MAGICAL REALISM IN ETHNIC AMERICAN LITERATURES: SUBVERSIÓN OR CONTAINMENT? (MESA REDONDA)

   

Participants:

Jesús Benito Sánchez* (Chair) - Begoña Simal** - Carmen Flys***

Institution:

*Universidad de Valladolid - **Universidade A Coruña - ***Universidad de Alcalá de Henares

E-mail:

jbenito4@fyl.uva.es  


ABSTRACT


It is commonly accepted that in mágico-realistic narratives the reader hesitates between two contradictory understandings of events, and experiences unsettling doubts. This hesitation frequently stems from the implicit clash of cultural systems within the narrative. This round table proposes to focus on the results of this confrontation. For some critics, magical realism becomes a form of calibanic discourse, insomuch as the Other masters the European discourse of realism to undermine some of its assumptions. Stephen Slemon, among others, has suggested that magical realism can “signify resistance to central assimilation by more stable generic systems and more monumental theories of literary  practice.”  In contrast, other critics, like Michael Valdez Moses, claim that just like the historical romance, magical realist writings “are compensatory sentimental fictions that allow, indeed encourage, their readers to indulge in a nostalgic longing for and an imaginary return to a world that is past, or passing away.” In this sense, mágico-realistic narratives represent no more than a purely symbolic or token resistance to the inexorable triump of modernity.

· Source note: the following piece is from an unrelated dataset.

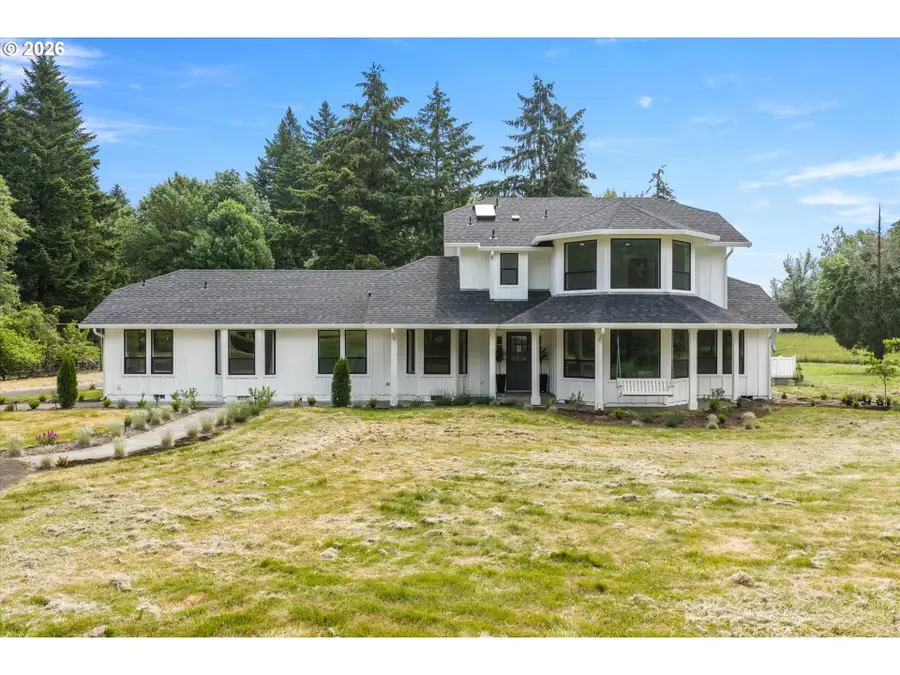 14101 NE 144th St, Brush Prairie, WA 98606 - #2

In representing their worlds as essentially vanished, gone, victims of modernity and industrialism, mágico-realistic writers ultimately embraced the modernity they presumed to be resisting.  This round table proposes to explore these issues with reference to so-called ethnic American writers like R. Anaya, Ana Castillo, Amy Tan, Maxine Hong Kingston, Toni Morrison, Linda Hogan, Louise Erdrich and others.